In view of the foregoing, the rail respondents take the position that if minimum motor-carrier rates are prescribed in this proceeding, such rates, subject to a minimum of 30,000 pounds or higher, should be at least 3 cents higher than the rail rates based on 36,000 pounds, and that lower truckload minima should reflect a greater differential in favor of the rails.

Turning now to the rail proposal that the canned-goods rate structure in official territory should reflect lower scales of distance rates, minimum 60,000 pounds, in addition to rates based on 36,000 pounds. As stated, 60,000-pound rates were originally proposed to become effective on September 26, 1952, but were suspended. In Canned or Preserved Foodstuffs in Official Territory, supra, division 2 found the proposal not shown to be just and reasonable, and caused the schedules to be canceled. Two petitions for reconsideration of that action have been denied. The decision in that proceeding, however, was without prejudice to any conclusions which may be reached upon the instant record. It was there observed that approval of a proposal which would have the effect of initiating widespread reductions in motor-carrier rates without materially benefiting the proponents would not satisfy the requirements of the national transportation policy. We have in this consolidated proceeding a more complete record as to the justness and reasonableness of the 60,000-pound rates, and also as to the motor- carrier rates, a situation not presented in the prior proceeding.
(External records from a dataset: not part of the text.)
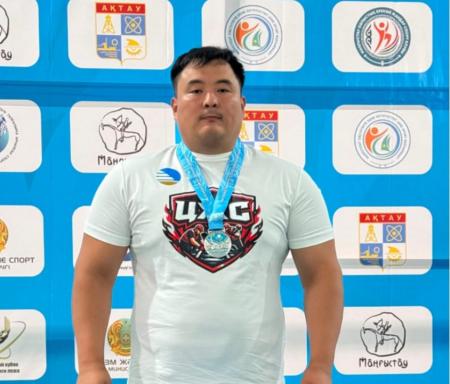 Железнодорожник завоевал серебро на чемпионате Казахстана по пара-пауэрлифтингу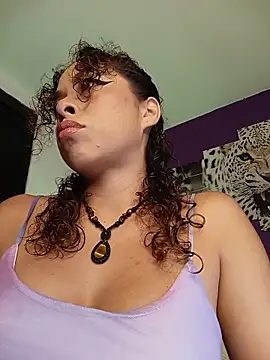 Snapshot of maliciasmith69 chatting on 06-10-26, 05:34 maliciasmith69 online show from 06-10-26, 05:34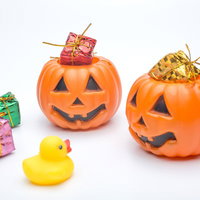 ハロウィンかぼちゃとアヒルちゃんとプレゼント箱の写真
As stated, the proposed 60,000-pound rates are referred to by the rail respondents as "incentive rates," and were designed specifically to counteract motor-carrier competition and to offset the growing tendency of canned-goods receivers to order in smaller quantities. The portion of the lading in excess of the minimum of 36,000 pounds results in additional revenue without substantial added service, except the additional tractive effort. See Alcoholic Liquors in the South, 279 I. C. C. 81, 86. Fuller utilization of the carrying capacity of the average freight car enables the railroads to realize the benefit of this inherent advantage.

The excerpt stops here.